**WORK TO BE COMPLETED:** Beneath this instruction is a listing; print exactly the lines in it starting at the line that contains "Tefal - Elkedel" and going through the line that contains "Shih tzu Koristetyynynpäällinen, Pop Art".

'''

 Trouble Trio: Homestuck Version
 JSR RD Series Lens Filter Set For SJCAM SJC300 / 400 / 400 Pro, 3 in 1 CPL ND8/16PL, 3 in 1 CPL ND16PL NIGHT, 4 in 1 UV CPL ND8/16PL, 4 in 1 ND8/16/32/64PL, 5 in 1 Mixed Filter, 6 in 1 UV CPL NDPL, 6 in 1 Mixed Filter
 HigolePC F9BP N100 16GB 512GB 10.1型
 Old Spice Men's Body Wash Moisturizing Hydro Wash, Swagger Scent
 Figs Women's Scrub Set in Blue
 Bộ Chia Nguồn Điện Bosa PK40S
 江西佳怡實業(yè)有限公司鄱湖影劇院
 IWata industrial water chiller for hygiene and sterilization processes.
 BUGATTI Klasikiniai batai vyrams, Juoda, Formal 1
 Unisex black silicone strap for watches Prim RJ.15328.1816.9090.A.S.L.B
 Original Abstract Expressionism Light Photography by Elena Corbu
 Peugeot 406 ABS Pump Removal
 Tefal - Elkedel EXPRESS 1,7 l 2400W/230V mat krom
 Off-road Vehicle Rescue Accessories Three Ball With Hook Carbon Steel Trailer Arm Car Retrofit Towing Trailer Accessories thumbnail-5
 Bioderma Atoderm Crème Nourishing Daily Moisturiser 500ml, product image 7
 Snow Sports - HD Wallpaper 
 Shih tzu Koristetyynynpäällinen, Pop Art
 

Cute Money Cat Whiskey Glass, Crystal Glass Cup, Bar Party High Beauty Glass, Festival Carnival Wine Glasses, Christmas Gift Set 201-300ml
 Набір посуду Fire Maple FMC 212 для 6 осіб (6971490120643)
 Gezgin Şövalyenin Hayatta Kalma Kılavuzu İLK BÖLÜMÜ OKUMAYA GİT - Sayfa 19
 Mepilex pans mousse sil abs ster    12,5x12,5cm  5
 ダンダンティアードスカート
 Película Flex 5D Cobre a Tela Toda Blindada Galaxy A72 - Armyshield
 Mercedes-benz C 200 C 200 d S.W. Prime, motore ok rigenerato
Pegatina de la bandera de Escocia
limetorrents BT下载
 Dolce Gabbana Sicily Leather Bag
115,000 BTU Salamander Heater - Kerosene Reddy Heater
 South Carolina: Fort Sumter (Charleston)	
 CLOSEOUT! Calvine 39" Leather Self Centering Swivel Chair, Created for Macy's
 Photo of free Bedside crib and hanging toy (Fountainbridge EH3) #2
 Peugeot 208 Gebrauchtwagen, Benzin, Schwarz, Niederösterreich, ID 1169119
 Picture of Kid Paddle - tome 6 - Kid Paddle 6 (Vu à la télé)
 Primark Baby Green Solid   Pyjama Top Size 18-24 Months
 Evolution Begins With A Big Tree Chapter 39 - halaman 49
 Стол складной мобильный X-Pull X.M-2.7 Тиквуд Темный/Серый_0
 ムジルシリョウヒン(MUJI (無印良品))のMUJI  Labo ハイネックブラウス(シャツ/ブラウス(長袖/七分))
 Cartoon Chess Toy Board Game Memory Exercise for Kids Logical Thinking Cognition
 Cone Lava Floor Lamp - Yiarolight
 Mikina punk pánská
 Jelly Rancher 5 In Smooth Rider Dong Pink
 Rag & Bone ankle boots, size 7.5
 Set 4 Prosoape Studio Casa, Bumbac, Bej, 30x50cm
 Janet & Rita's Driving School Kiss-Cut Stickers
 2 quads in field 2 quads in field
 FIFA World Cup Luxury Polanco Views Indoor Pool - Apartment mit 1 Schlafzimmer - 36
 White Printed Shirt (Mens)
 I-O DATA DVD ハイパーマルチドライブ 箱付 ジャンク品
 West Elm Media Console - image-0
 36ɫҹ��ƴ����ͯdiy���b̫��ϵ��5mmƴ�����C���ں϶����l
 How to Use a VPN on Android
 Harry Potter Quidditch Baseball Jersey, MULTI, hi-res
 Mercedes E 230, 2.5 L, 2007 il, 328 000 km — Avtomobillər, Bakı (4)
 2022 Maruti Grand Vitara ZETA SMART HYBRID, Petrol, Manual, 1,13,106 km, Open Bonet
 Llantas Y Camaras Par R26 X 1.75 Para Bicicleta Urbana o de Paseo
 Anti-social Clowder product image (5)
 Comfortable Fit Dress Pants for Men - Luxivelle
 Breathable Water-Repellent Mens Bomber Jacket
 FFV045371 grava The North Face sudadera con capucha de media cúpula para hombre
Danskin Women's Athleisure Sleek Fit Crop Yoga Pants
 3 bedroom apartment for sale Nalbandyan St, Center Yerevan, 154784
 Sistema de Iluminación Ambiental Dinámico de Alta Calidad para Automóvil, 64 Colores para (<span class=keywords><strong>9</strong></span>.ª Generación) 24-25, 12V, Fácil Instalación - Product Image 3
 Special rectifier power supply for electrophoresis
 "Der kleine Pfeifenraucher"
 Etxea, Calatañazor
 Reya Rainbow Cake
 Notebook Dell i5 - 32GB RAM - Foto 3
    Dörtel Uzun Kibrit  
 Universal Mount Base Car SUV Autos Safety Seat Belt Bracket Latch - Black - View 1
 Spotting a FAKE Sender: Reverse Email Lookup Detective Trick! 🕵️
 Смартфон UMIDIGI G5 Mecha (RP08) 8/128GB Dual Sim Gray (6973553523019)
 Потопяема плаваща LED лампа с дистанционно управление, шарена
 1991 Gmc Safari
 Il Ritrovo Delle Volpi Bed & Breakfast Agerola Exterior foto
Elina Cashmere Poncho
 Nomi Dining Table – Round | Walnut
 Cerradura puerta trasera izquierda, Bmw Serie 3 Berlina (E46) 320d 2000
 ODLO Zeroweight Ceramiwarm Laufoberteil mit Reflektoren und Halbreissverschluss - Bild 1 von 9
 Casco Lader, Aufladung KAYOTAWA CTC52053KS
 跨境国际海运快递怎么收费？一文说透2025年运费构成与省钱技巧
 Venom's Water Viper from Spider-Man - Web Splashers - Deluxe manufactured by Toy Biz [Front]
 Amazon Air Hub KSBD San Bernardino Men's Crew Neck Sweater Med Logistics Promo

'''

**RESULT:**
 Tefal - Elkedel EXPRESS 1,7 l 2400W/230V mat krom
 Off-road Vehicle Rescue Accessories Three Ball With Hook Carbon Steel Trailer Arm Car Retrofit Towing Trailer Accessories thumbnail-5
 Bioderma Atoderm Crème Nourishing Daily Moisturiser 500ml, product image 7
 Snow Sports - HD Wallpaper 
 Shih tzu Koristetyynynpäällinen, Pop Art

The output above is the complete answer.